START Supplied data

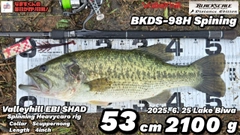 ブラックバスの釣果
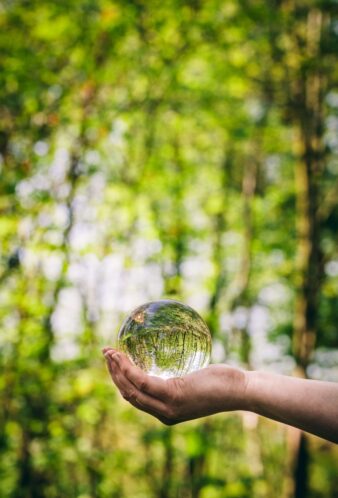 a-glass-sphere-held-by-a-woman-reflecting-a-fores-2025-03-25-23-42-10-utc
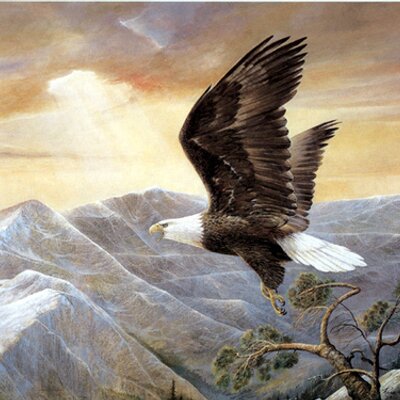 Profile Picture of Michael Rassi (@RassiMichael) on Twitter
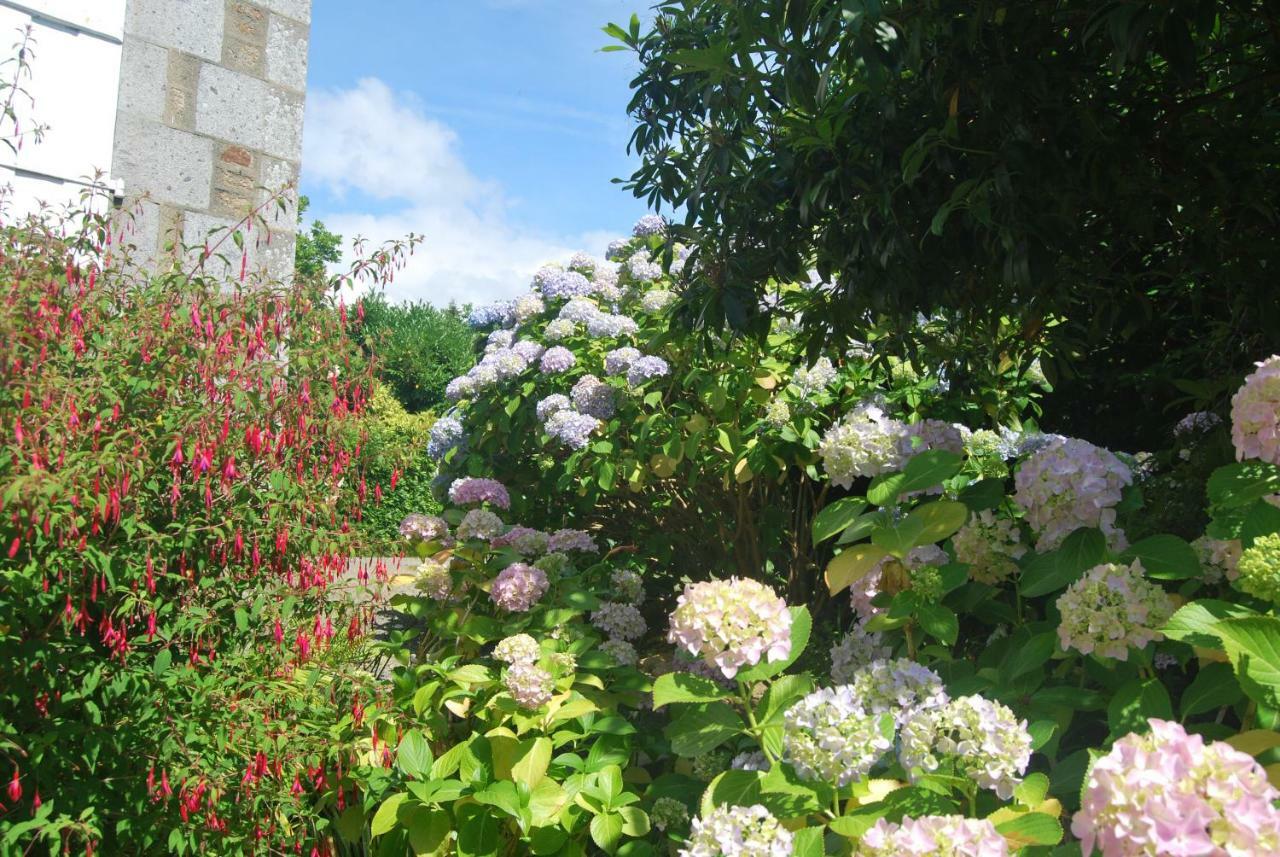 B&B Le Mesnil Saint-Senier-sous-Avranches ภายนอก รูปภาพ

END Supplied data

§ Action item: Everything in the material above should be reproduced exactly, except the pictures.

§ Output for this exercise:
 ブラックバスの釣果
 a-glass-sphere-held-by-a-woman-reflecting-a-fores-2025-03-25-23-42-10-utc
 Profile Picture of Michael Rassi (@RassiMichael) on Twitter
 B&B Le Mesnil Saint-Senier-sous-Avranches ภายนอก รูปภาพ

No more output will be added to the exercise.